Take for example ‘A St. Ives Summer’, now for me the areas that I am most happy about are the tiny areas of collage ghosting through the over painting in the sea.
Without that random, sorry, carefully placed collage, the blue harbour sea would be flat and much less interesting.
And by using small cut outs from magazines for the boat shapes I can create a whole flotilla of bright fishing boats complete with names and numbers.
My alternative would have been to slavishly paint every boat.
I must say at this point that I am in no way averse to painting boats accurately, or ‘proper job’ as they say where I come from, and I regularly do, particularly for my yacht canvasses such as Blue Water Speed; but sometimes you just can’t beat the childlike enthusiasm of cutting up paper and sticking it down, just to see what combinations you can come up with.

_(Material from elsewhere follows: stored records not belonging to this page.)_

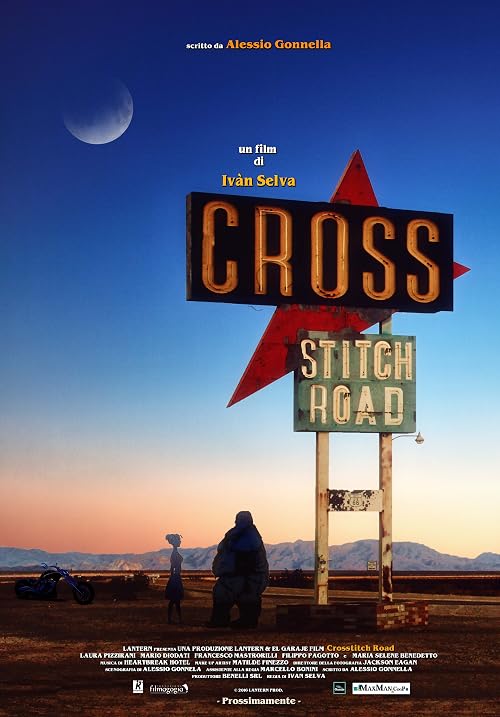 Crosstitch Road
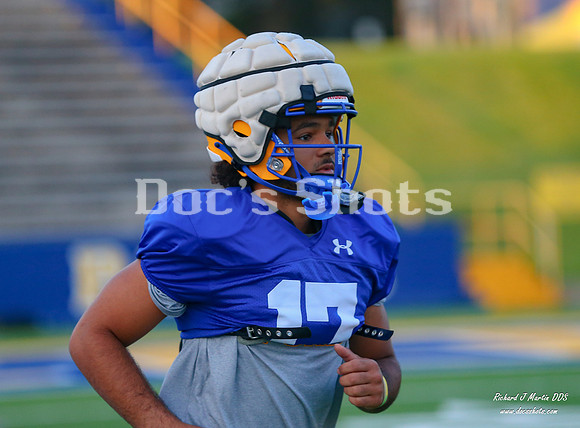 McNeese Football Scrimmage 2 2024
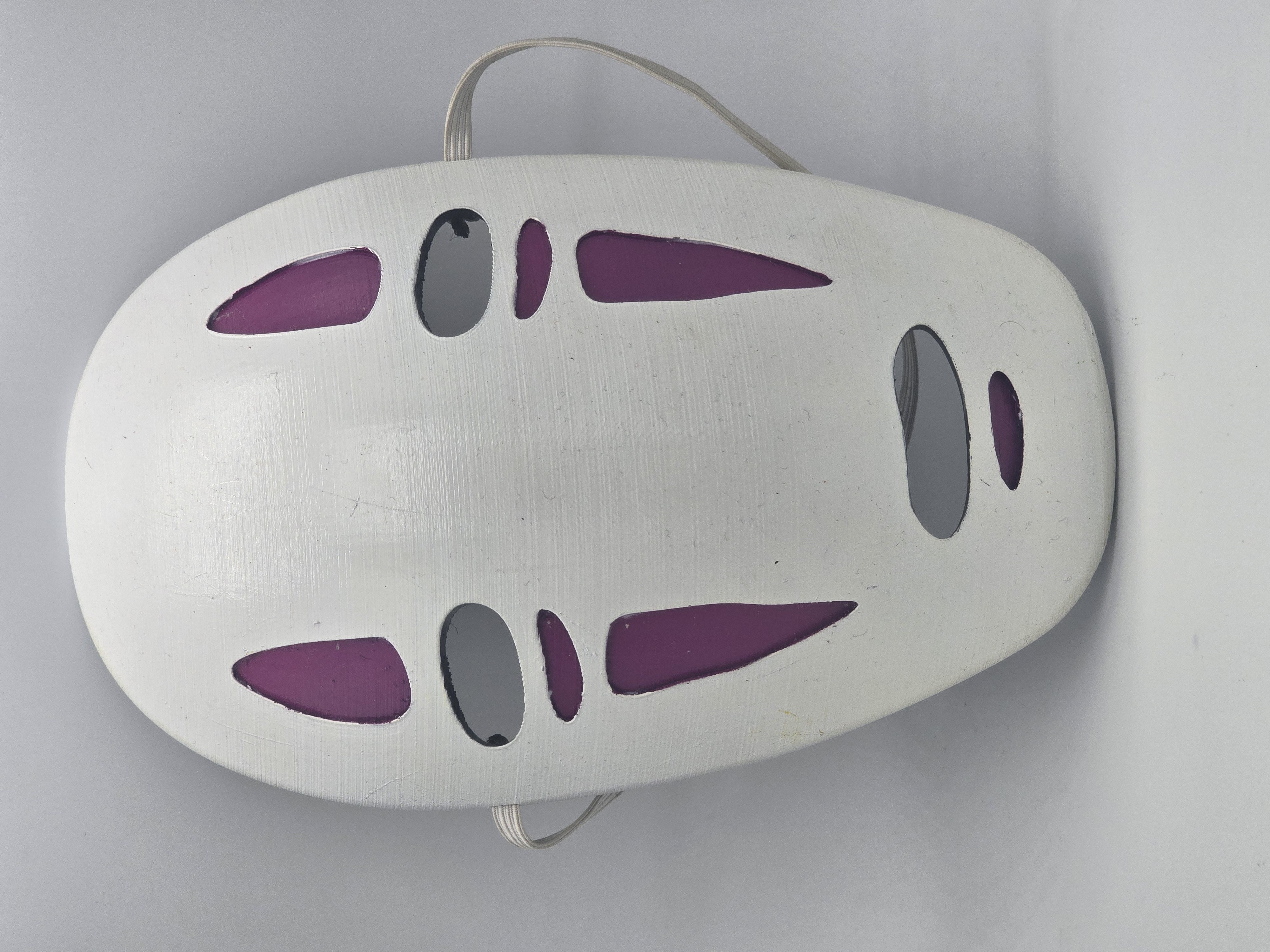 No Face Maske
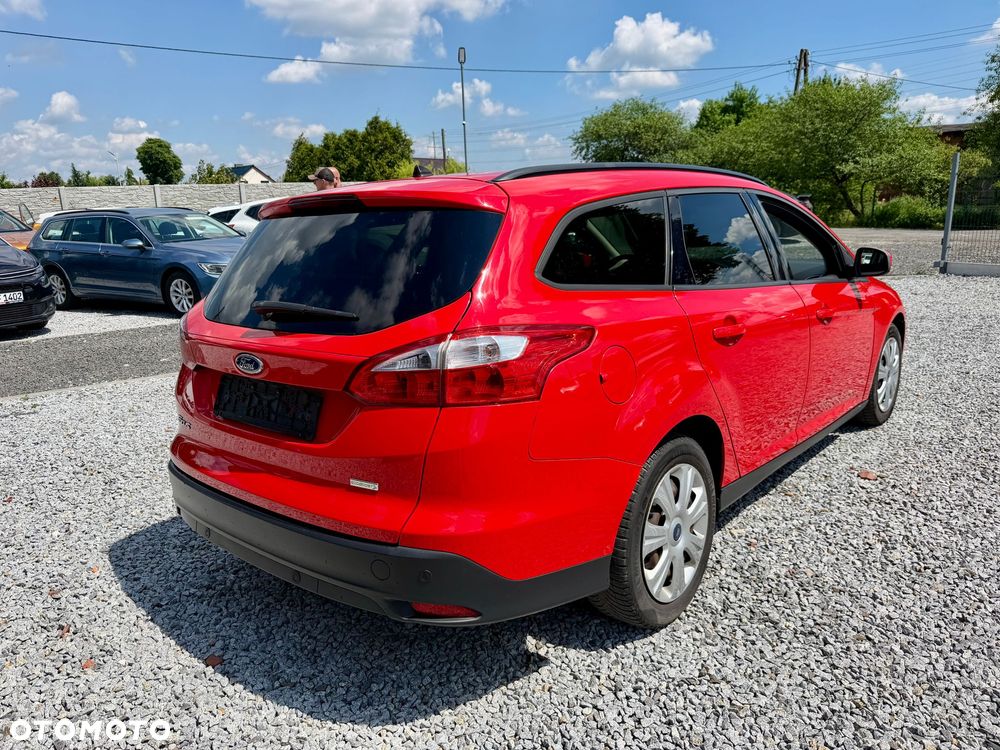 Ford Focus - 4
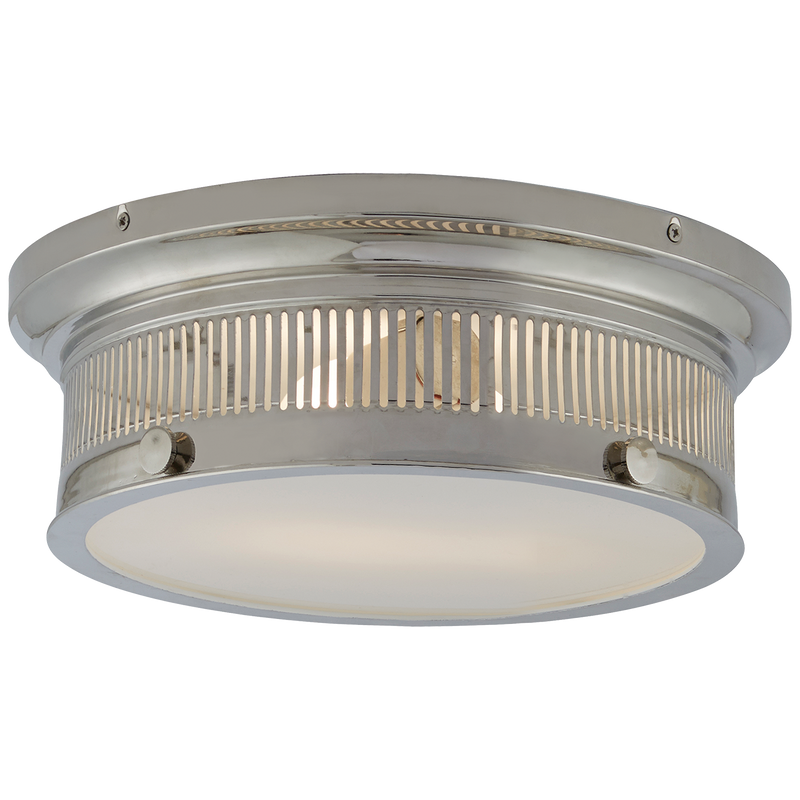 media image for Alderly Small Flush Mount by Chapman & Myers 258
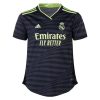 22/23 Women's Real Madrid Third Jersey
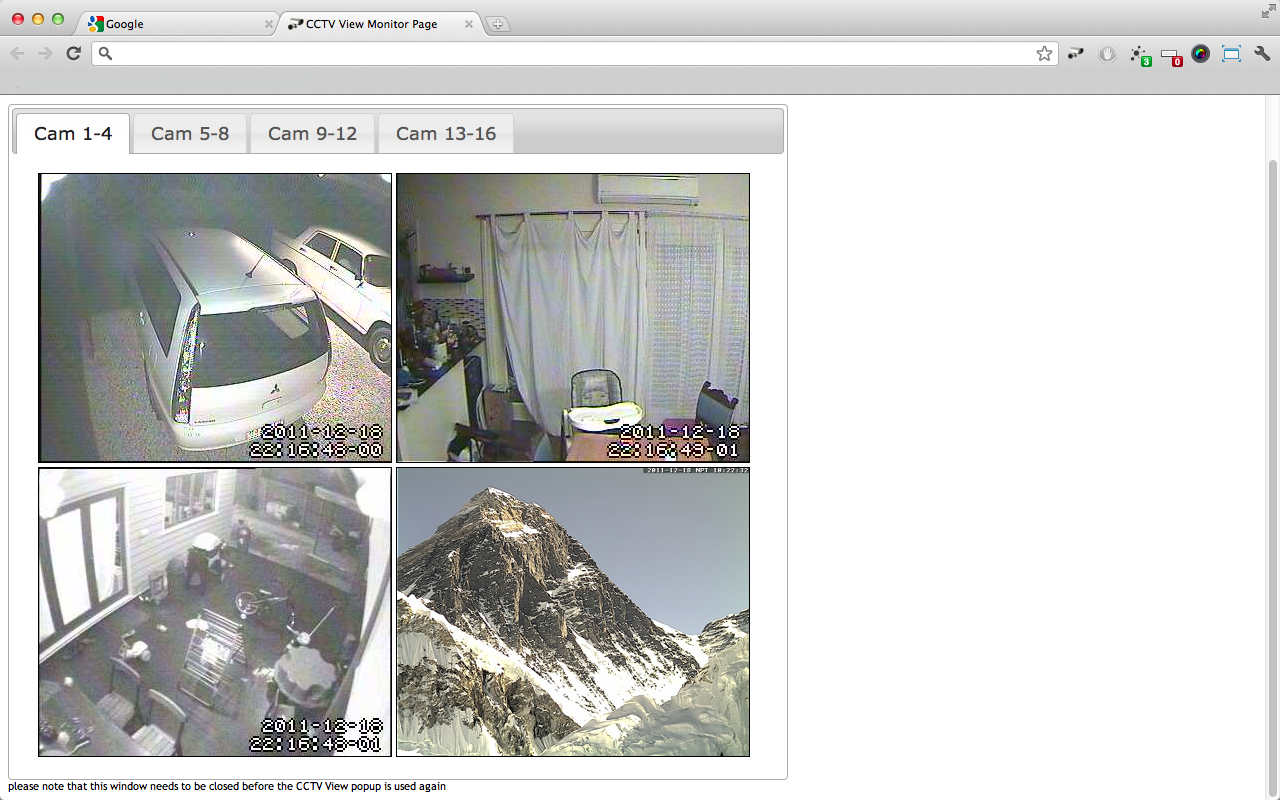CCTV View截图3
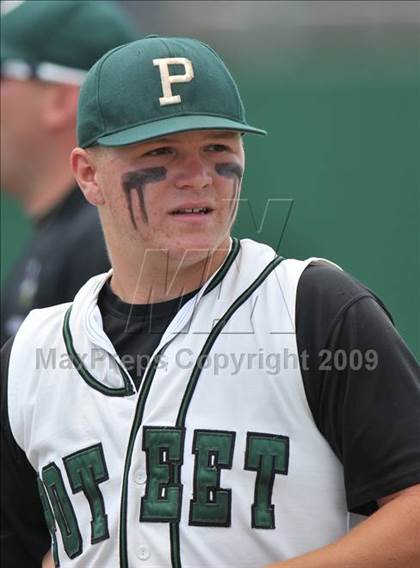 Thumbnail 2 in Texas vs. Poteet (Class 4A Region II Quarterfinals) photogallery.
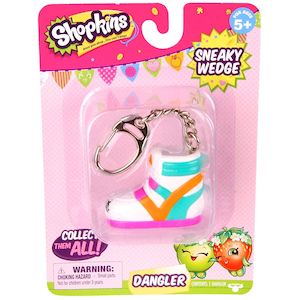 Shopkins Dangler Sneaky Wedge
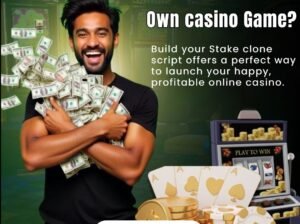 Stake Clone Script with Sportsbook – Launch Betting Platform in Days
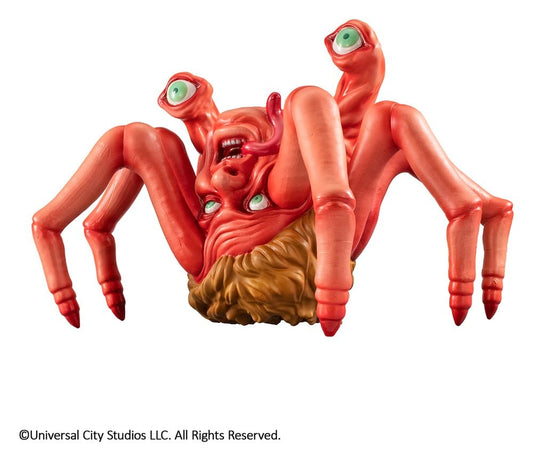 The Thing Sofubi Fantastic PVC Statue Spider Head 12 cm Image 2
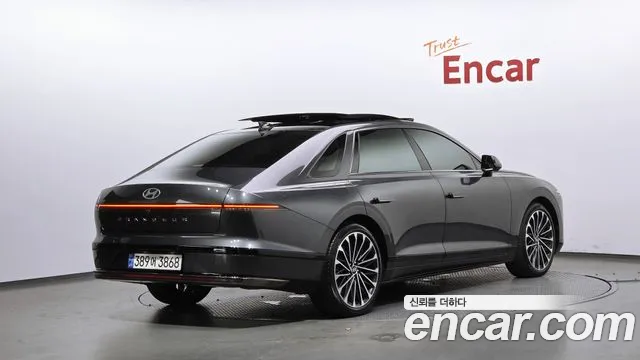 Hyundai Grandeur 2023 thumb 2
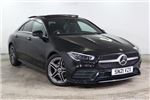 2021 Mercedes-Benz CLA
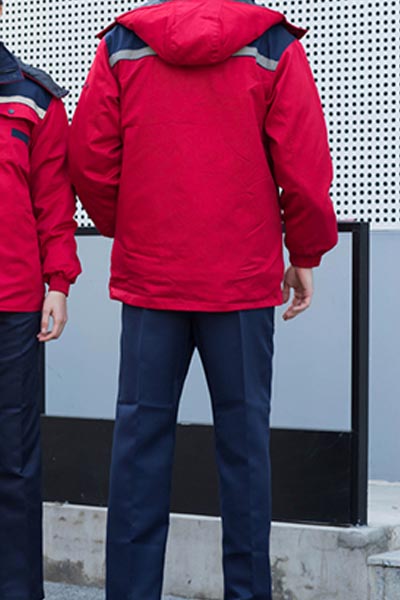 冬季工作服定制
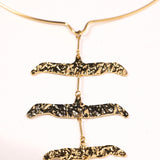 Mina Gold Necklace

Another case in point for mixed media would be my painting ‘Paignton Pier’, which without the collaged lower half would be a pretty standard sunrise painting, the kind that you find on a million postcards.
To help raise the painting above being a simple postcard copy I used a piece of swept moulding scavenged from Paignton beach, deckchair fabric and a Victorian letterpress alphabet.
Using these items helped me to convey more of the atmosphere and uniqueness of the seaside town.

The same ideas can be seen in my Brancaster painting.
As my diary notes from the day explain:
“17th March 2010 4.00 - BRANCASTER, NORFOLK
Very exposed, salt marsh dunes, stinging hale – a party of school kids on the beach – millions of razor shells, whelks, mussels etc in the impossibly soft sand. The dark gravy grey wild North Sea seems as though it will swallow you!
Arctic shore – birds, ducks and geese flighting in on the Arctic winds.
Nothing between the North Norfolk shore and the polar icepack.
Bleak isolation.
The wind is made of water and ice, grey/brown and creamy froth.
The sea looks menacing.
Only the ducks and geese can tell you what its like out there”.

Hopefully by using some of the found materials on the day I managed to capture some of that windswept, brooding beach.

Both Paignton Pier and Brancaster were painted as part of a fund raising project that I recently completed for the RNLI in which I painted at 180 locations around the English coast.
In each of the studies completed on location and particularly in each of larger studio versions I tried to use ‘local’ materials to help tie in the essence of each area.
This technique can also be seen used on Hastings and Workington, which was painted on a washed up plank from an Irish Sea fishing boat.

So next time you open your tubes of acrylic paint, don’t be afraid, use the glorious colourful sticky paint with abandon.
Revel in the gluey, plastic qualities that acrylics possess and remember to throw into the ring whatever is to hand.
Your painting will be unique; your painting will be rooted to its location.
Your painting will have a magic of its own…End.

Dinner is a satisfying combination of potatoes baked for almost two hours until the skins are crisp to the point of shattering and the fluffy interior just begs for butter.
Served with an omelette of cheddar and chives, which is filled with cream cheese.
Only peas are needed to finish the dish.

Followed later in the evening by a steaming mug of hot chocolate, made with milk, not water and laced with a generous glug of brandy. All topped off with grated 100% cacao.

Kerry still can’t hear properly, I SAID KERRY STILL CAN’T HEAR PROPERLY, but will hopefully have her ears syringed tomorrow.


Liz said...

Fab posting: illuminating, enthusiastic, exuberant and sensuous (the fooood!)

Glyn said...

Thanks Liz, lots more to come!

Yati said...

You paint, you write and you cook with so impressed.
Live on adding beauty to this world!